Advent of code solution comparison in

pure python, numba, cuda

About me

I'm Roberto Gambuzzi
Principal Software Engineer
Writing Python since 2007
Always learning new languages, but always coming back to Python.
If you want to connect https://linktr.ee/gambuzzi

What this talk will be about

advent of code solutions
python
numba
cuda

What is advent of code?

If you never did Advent of Code, Advent of code is a code challenge that is published every year in the Christmas period.

There are 24 challenges every year, you can find them on https://adventofcode.com/

The problem

2021 Day 20: Trench Map

https://adventofcode.com/2021/day/20

Longstory Short: you have an initial 1-bit image and you have rules on how to update every pixel of this image. You get a new image. Repeat.

In PART 1 you are asked of doing it 2 times.

In PART 2 you are asked of doing it 50 times.

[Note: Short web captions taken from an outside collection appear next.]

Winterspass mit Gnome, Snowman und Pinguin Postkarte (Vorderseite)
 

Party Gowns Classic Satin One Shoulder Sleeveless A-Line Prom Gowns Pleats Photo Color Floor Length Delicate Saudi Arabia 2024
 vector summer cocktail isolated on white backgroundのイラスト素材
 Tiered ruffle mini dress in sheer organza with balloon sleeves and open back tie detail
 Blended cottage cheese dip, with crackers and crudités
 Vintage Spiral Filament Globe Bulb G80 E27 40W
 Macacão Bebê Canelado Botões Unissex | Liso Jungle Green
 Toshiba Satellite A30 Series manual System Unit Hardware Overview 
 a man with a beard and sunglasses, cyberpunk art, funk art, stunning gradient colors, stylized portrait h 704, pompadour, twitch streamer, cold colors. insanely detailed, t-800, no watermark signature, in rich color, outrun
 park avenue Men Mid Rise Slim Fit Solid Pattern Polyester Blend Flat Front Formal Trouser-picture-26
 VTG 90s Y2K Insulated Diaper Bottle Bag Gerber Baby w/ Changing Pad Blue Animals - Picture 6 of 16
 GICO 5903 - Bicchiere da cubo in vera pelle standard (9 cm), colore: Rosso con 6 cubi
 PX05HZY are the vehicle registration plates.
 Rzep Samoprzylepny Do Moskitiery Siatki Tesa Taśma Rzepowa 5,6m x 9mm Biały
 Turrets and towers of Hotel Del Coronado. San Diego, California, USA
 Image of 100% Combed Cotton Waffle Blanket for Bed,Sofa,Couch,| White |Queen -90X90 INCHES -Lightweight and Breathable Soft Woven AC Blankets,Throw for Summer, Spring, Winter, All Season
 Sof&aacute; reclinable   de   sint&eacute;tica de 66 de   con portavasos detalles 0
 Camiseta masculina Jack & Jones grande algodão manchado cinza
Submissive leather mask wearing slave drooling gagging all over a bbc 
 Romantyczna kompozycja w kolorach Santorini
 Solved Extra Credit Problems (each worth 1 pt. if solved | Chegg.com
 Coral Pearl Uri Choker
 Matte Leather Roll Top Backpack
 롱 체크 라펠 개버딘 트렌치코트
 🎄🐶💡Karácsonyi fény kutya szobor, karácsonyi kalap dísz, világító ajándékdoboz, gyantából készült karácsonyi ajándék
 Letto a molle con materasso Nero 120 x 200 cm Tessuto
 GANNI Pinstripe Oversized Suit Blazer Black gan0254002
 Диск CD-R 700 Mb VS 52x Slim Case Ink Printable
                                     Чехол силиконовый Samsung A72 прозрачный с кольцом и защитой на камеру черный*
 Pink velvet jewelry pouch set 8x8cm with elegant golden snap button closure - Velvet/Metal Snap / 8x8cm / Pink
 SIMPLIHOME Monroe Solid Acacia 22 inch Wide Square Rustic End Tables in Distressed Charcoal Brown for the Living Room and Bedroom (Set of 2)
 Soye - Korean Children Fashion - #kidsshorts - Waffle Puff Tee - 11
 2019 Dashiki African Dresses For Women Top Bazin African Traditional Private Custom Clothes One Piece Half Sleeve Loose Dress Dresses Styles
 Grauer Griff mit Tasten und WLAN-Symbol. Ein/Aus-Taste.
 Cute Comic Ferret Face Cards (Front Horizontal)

how do you evolve the image?

You are given an image enhancement algorithm (a string representing 512 bits) and an image.

For each pixel

you have to take all the touching pixel and the pixel itself (3x3 = 9 pixels),
create a 9 bit number based on these pixels
do a lookup to the appropriate bit in the image enhancement algorithm string
write the value you get in the pixel position in the new output image

Let's visualize the problem

Advent of code always provides a simple input that serves as example. Then it provides you the real input to use to get the solution, that often contains some edge cases that the example-input lacks intentionally.

The simple input

..#.#..#####.#.#.#.###.##.....###.##.#..###.####..#####..#....#..#..##..###..######.###...####..#..#####..##..#.#####...##.#.#..#.##..#.#......#.###.######.###.####...#.##.##..#..#..#####.....#.#....###..#.##......#.....#..#..#..##..#...##.######.####.####.#.#...#.......#..#.#.#...####.##.#......#..#...##.#.##..#...##.#.##..###.#......#.#.......#.#.#.####.###.##...#.....####.#..#..#.##.#....##..#.####....##...##..#...#......#.#.......#.......##..####..#...#.#.#...##..#.#..###..#####........#..####......#..#

Image

#..#.
#....
##..#
..#..
..###

The first approach, pure python

def parse_input(img):
    # this could possibly be a set, instead of a dict.
    grid = {}

    for y, row in enumerate(img.splitlines()):
        for x, cell in enumerate(row):
            grid[x, y] = 1 if c=='#' else 0
    return grid

the single step

def step(enhancement: AnyStr, grid: Dict[Iterable[int] , AnyStr], default: int=0):
    min_x: int = min([x[0] for x in grid if grid[x]])
    max_x: int = max([x[0] for x in grid if grid[x]])
    min_y: int = min([x[1] for x in grid if grid[x]])
    max_y: int = max([x[1] for x in grid if grid[x]])
    new_grid = {}
    for x in range(min_x-2,max_x+3):
        for y in range(min_y-2,max_y+3):            
            n = 0  # the lookup number
            for dx,dy in (
                (-1,-1),(0,-1),(1,-1),
                (-1, 0),(0, 0),(1, 0),
                (-1, 1),(0, 1),(1, 1),):
                n *= 2
                n += grid.get((x+dx,y+dy),default)
            new_grid[x,y] = 1 if enhancement[n] == '#' else 0
    return new_grid

def part2(img, enhancement):
    grid = parse_input(img)

    for i in range(50):
        grid = step(
            enhancement, 
            grid, 
            default=i%2 if enhancement[0]=='#' else 0
        )

    return sum(grid.values())

What is the speed of this?

print("part2", part2(img, enhancement))
print(timeit.timeit(
    "part2(img, enhancement)", 
    "from __main__ import part2, img, enhancement", 
    number=1
))

part2 19340
6.5132104279999794

Can numba make it faster?

Spoiler alert: Yes.

Do I need to change my code?

Nope (well, you have to add decorators)

from numba import njit

njit is an alias to @jit(nopython=True)

@njit
def parse_input(img):
    ...

@njit
def step(enhancement: AnyStr, grid: Dict[Iterable[int] , AnyStr], default: int=0):
    ...

@njit
def part2(img, enhancement):
    ...

What is the speed of numba?

print("part2", part2(img, enhancement))
print(timeit.timeit(
    "part2(img, enhancement)", 
    "from __main__ import part2, img, enhancement", 
    number=1
))

part2 19340
0.6961225479999484

6.51s -> 0.70s -> 9.3 times faster

numba take a little while to 'compile' the code on the first run

and now the GPU

With cuda we can use the GPU of our machine (or a colab instance) to work on this problem, that can be parallelized quite well.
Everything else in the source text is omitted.